Outside, I stretch and notice that once again the kids didn’t close the garage door after playing yesterday. Arrrgggh. So, I’m off to a great morning to jog and talk to the Lord. As I began to jog and pray, I became pretty convicted of all that I take for granted.
My garage door was open all night, as it has been several times in the last few years, and nothing was missing, no one was attacked, nothing happened. I was reminded of going on a mission trip in India a few years ago where houses are surrounded by concrete walls topped with broken glass and jagged metal, and friends in Africa whose home had been pillaged. So, here is a brief list of some of the things that I took for granted as I prepared to sleep last night and woke up aggravated and tired before the day began.
· Reasonable security, safety, and freedom
· Loving family, healthy kids, and faithful wife
· A home with electricity, air, comfortable bed, soft towels, and hot water
· Ability to go jogging
· Being born in an environment where I would be continually exposed to the gospel
· A reliable car
· Clean running water, food, etc.
The list could go on and on. I do not acknowledge and appreciate these things. I take them for granted. I’m no different than the Israelites who in the Old Testament constantly missed the provisions of God and focused on that which they did not have. That’s me. I take what I’ve been given for granted and focus on what I don’t have. As a result, I find myself complaining a lot versus walking in an attitude of thankfulness (Eph 5:20).

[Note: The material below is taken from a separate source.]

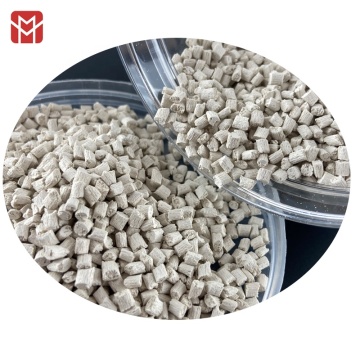 Cost and Specifications of 100% Virgin PPS Pellets Granules with GF40%, GF30%, and Fire Retardant Properties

Merciful Father, please forgive me for taking your gifts for granted. In your kindness, you have allowed me so many luxuries that I treat as entitlements. I’m sorry. Adjust my eyes that I might see your gifts and kindness more clearly, and transform my heart that I might be consistently thankful for them. Shift my eyes off of that which I don’t have and on to your faithful provision of my needs. Then, in those moments that my heart longs for that which I don’t have, may you remind me of all that I do and remind me that those things may be kept from me so that I might remain more dependent upon you and faithful to you. Would you remind me that you want me to be holy and satisfied with you and not temporarily appeased by the attachments of this world. Oh God, create in me a thankful heart.